Court Opinion

ID: 4723316
Source: CourtListenerOpinion
Date Created: 2021-08-12 02:39:27.915049+00
Date Added: 2024-06-11T08:07:43.528392
License: Public Domain

The opinion of the court was delivered by
Hoyt, C. J.
The plaintiffs alleged in their complaint that they had purchased of the defendant two carloads of cedar and spruce siding to be sold in the eastern market, that such purchase had been according to grade, that much of the siding did not come up to the grade for which it was sold; that on account of much of the lumber falling below the grade in which it had been classed by the terms of the sale, they had been greatly damaged.
Defendant by its answer put in issue the material allegations of the complaint and sought to recover by way of counterclaim the balance claimed to be due upon the purchase price of the lumber. Upon this counterclaim no question of fact or law was raised in the court below, and nothing need be said in reference to it here. The jury found in favor of the defendant upon the issues raised upon the plaintiffs’ complaint, and appellants seek to reverse the judgment rendered upon such verdict for two reasons. oFirst, the alleged error of the court in admitting in evidence certain *645stencil plates used in marking the lumber, and second, for the giving of erroneous instructions to the jury, and the refusing to give proper instructions requested by the plaintiffs.
As to the first: At the time these stencil plates were offered in evidence by the defendant, testimony had been introduced by the plaintiffs as to the marking of this lumber, and the plates themselves were only evidence of a more satisfactory nature tending to establish facts as to which, the plaintiffs had introduced proofs, and for that reason, if for no other, the court committed no error in allowing the plates to be put in evidence.
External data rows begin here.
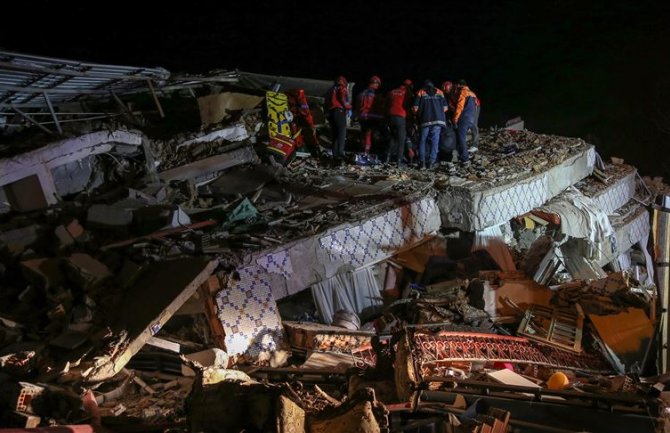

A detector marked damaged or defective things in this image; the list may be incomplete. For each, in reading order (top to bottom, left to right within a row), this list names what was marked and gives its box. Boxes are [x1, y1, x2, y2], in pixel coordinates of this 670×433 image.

broken concrete slab [82, 256, 217, 382] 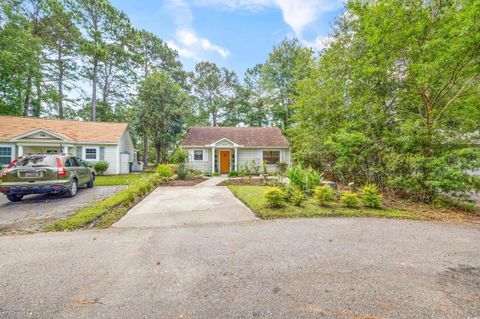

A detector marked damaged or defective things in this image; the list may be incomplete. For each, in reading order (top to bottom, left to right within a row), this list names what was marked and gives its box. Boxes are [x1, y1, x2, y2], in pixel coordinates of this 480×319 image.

cracked asphalt [0, 219, 478, 318] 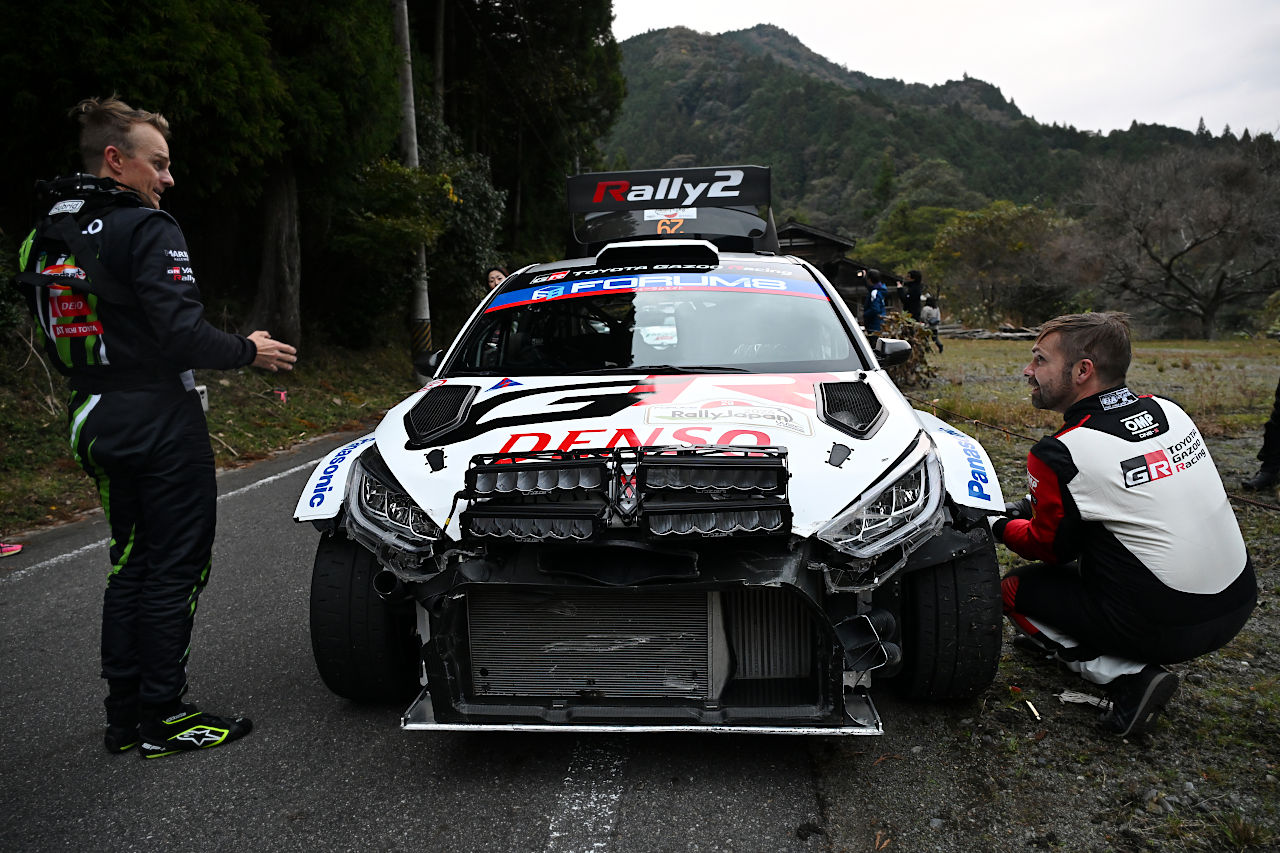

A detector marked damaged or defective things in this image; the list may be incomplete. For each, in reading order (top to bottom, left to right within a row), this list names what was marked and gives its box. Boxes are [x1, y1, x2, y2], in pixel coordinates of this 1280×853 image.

damaged white rally car [294, 163, 1003, 732] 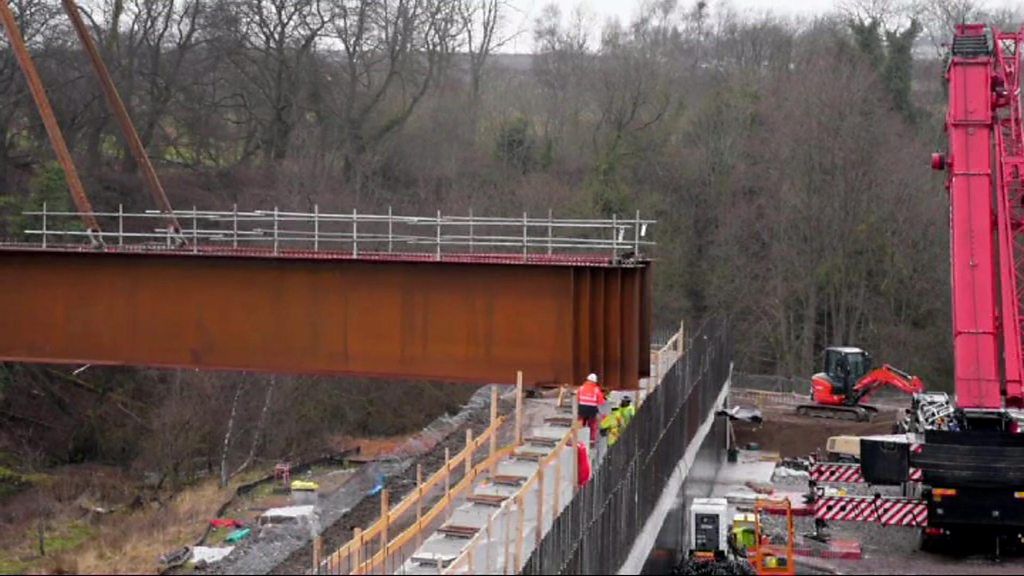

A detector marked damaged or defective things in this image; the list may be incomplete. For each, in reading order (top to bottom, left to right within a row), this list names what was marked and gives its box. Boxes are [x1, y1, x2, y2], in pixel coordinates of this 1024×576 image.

rusty steel bridge girder [0, 249, 651, 387] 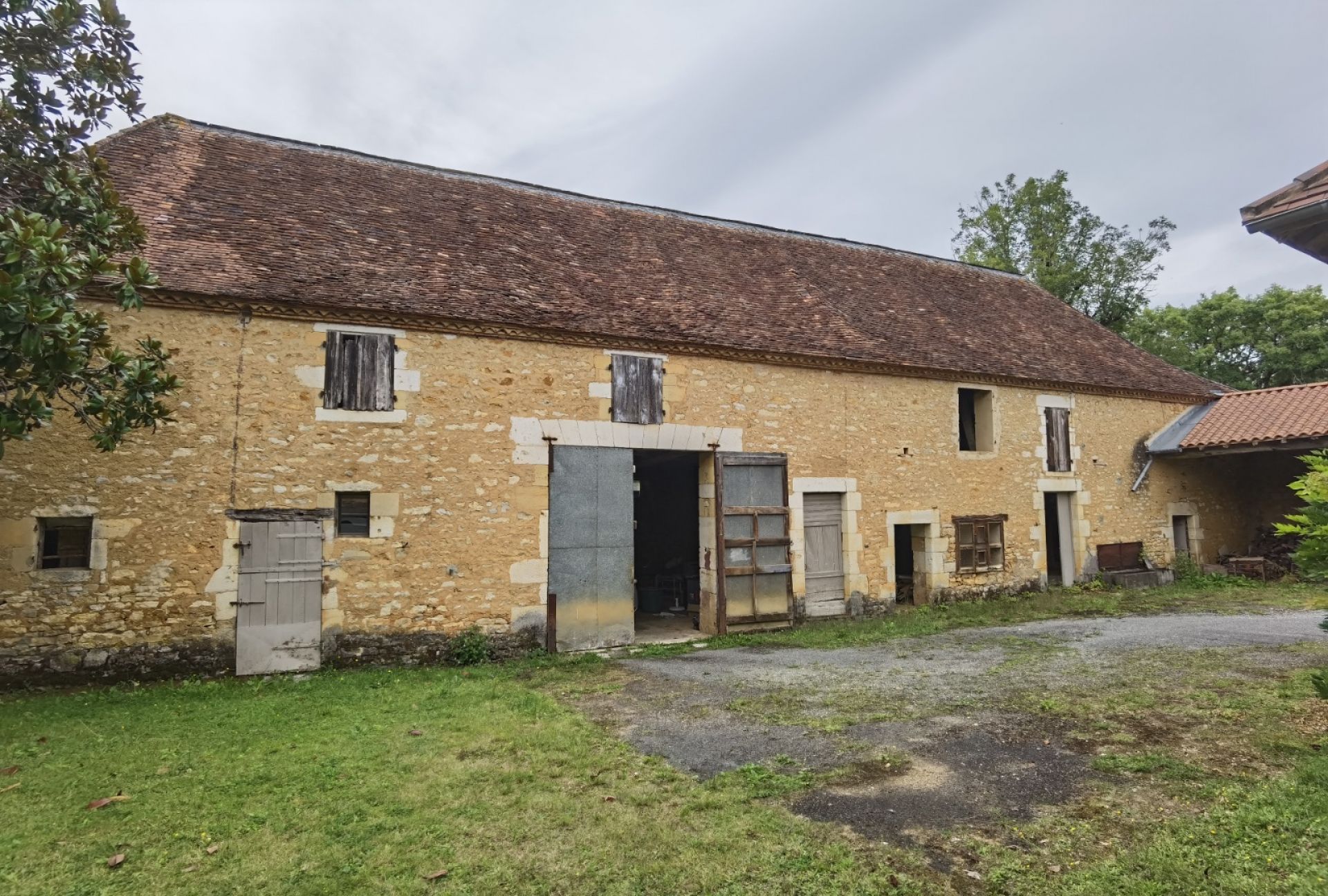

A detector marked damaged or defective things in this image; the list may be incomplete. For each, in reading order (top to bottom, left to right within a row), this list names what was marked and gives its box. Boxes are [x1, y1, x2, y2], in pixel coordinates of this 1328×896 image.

rusted metal panel [322, 332, 393, 411]
rusted metal panel [611, 355, 664, 424]
rusted metal panel [1041, 409, 1073, 472]
rusted metal panel [236, 514, 324, 677]
rusted metal panel [547, 446, 634, 653]
rusted metal panel [722, 456, 791, 624]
Under the assignment of error growing out of the action of the court in instructing and refusing to instruct the jury, there are several specifications, but no good purpose will be subserved by discussing each of them separately. There were but two principal facts which the jury were called upon to decide. One was as to whether or not there had been such inspection, or opportunity to inspect the lumber purchased by the plaintiffs, as to excuse the defendant from any responsibility as to its grades. The other was as to the grades of which the defendant represented the lumber to consist, and as to whether or not it came up to the grades into which it was classed at the time it was sold. The only fault found with the instruction of the court relating to the first question was that it applied generally to the lumber embraced in both carloads, and it was claimed that this was error for the reason that there was no evidence tending to show that there had been an inspection or opportunity to inspect more than one of them. But from an examination of the transcript we are unable to see that there was evidence upon that question tending to show an inspection or *646opportunity to inspect one carload, which did not equally apply to the other. Upon the other question the evidence (excluding that which went exclusively to the question of damages) was material only as it tended to prove or disprove the allegation of the plaintiffs that the lumber was not up to the grades for which it was sold, hence the plaintiffs were not injured if the jury were given instructions under which they could correctly determine the question which such evidence tended to prove or disprove.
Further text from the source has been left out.